Was this a good something or a bad something?

Trump does like a bit of ballistic braggadocio, doesn’t he? After firing off a wave of air-strikes against Syria, he declares “Mission accomplished” but warns that he is “locked and loaded” for more.

Trying to pick your way through the wreckage is a morally messy business. If you wish to believe absurd headlines like the one in this morning’s Sunday Express – “A STRIKE AT THE HEART OF EVIL” –  the problem is solved.

Except that exactly a year ago, Trump ordered another air-strike to punish President Assad for using chemical weapons against his own people. If Assad has again used this vile form of attack, then the tactic is not, as it were, bomb-proof.

Chemical warfare is almost uniquely awful. And yet it must be a puzzle to the poor benighted people on the ground in Syria: they can be blown to pieces and in the wider nobody much minds. Bomb after bomb, year after year – seven years now that Assad has pursued this civil war, backed by Putin’s Russia, and people keep on dying.

There weren’t any good options over Syria. Sending in the missiles lets Trump swagger and boast. The US enjoy Nikki Haley calls the strikes “justified, legitimate and proportionate”, adding: “When our president draws a red line, our president enforces the red line.”

That man scrawls red lines all over the place, crosses them out, draws another in endless scribbled tweets. He’s unreliable, a narcissist, a nihilist and a proven liar. But sadly, right now he’s allowed to draw those red lines while declaring “God Bless America”.

Mrs Maybe was in such a rush to join in Trump’s missile party that she didn’t pause to consult Parliament.
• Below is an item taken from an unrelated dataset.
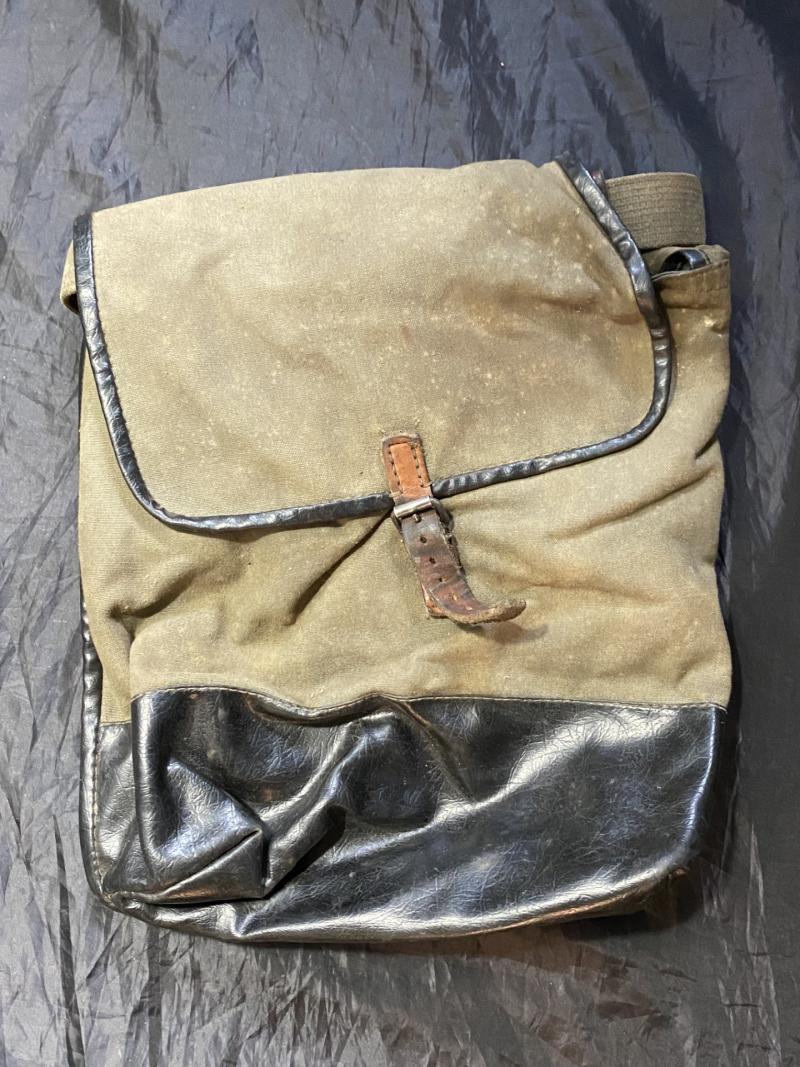 YUGOSLAVIAN M84 GAS MASK/UTILITY BAG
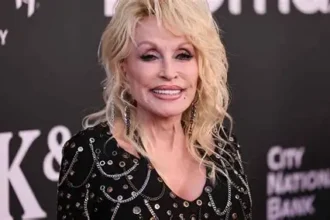 The Emmys pay tribute to Dolly Parton, Rob Reiner and Catherine O'Hara | De Último Minuto English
This will now lead to endless arguments, and she deserves to be criticised for her willingness to sanction action without a vote. A vote she knows she may well have lost, as David Cameron did from a stronger position. She side-stepped that one and went “trailing after Donald Trump”, according to Labour leader Jeremy Corbyn.

I think Corbyn has a point there; but what would he have done if he was in power? He’s good at lobbing the verbal missiles, but would he ever give the nod the actual missiles? Is he too much of a pacifist for that; and is that peacefulness a bad thing anyway?

For all the swagger, and yes for all Trump’s ballistic braggadocio, what this is feels like is yet another western intervention in a troubled part of the world because “something had to be done”.

Was this a “good something” or a “bad something” – or was is just a “something-something” that makes big and bellicose men feel better about themselves for a while?

Was it a something that will make things better; or a something that will in time prove to have either been ineffective or a something that made things worse?

If you choose to believe newspapers such as the Sun on Sunday, Assad’s chemical weapon centres were wiped out in two minutes, “setting the capabilities back years”. Do we know that or are we just swallowing the propaganda pills?

Assad should be damned for using chemical weapons, but then we should be damned for standing back while he kills his own people – with reports suggesting that 500,000 have died so far, while millions of others have been turned into refugees.

Just what sort of mission has been accomplished it is hard to say right now; isn’t it?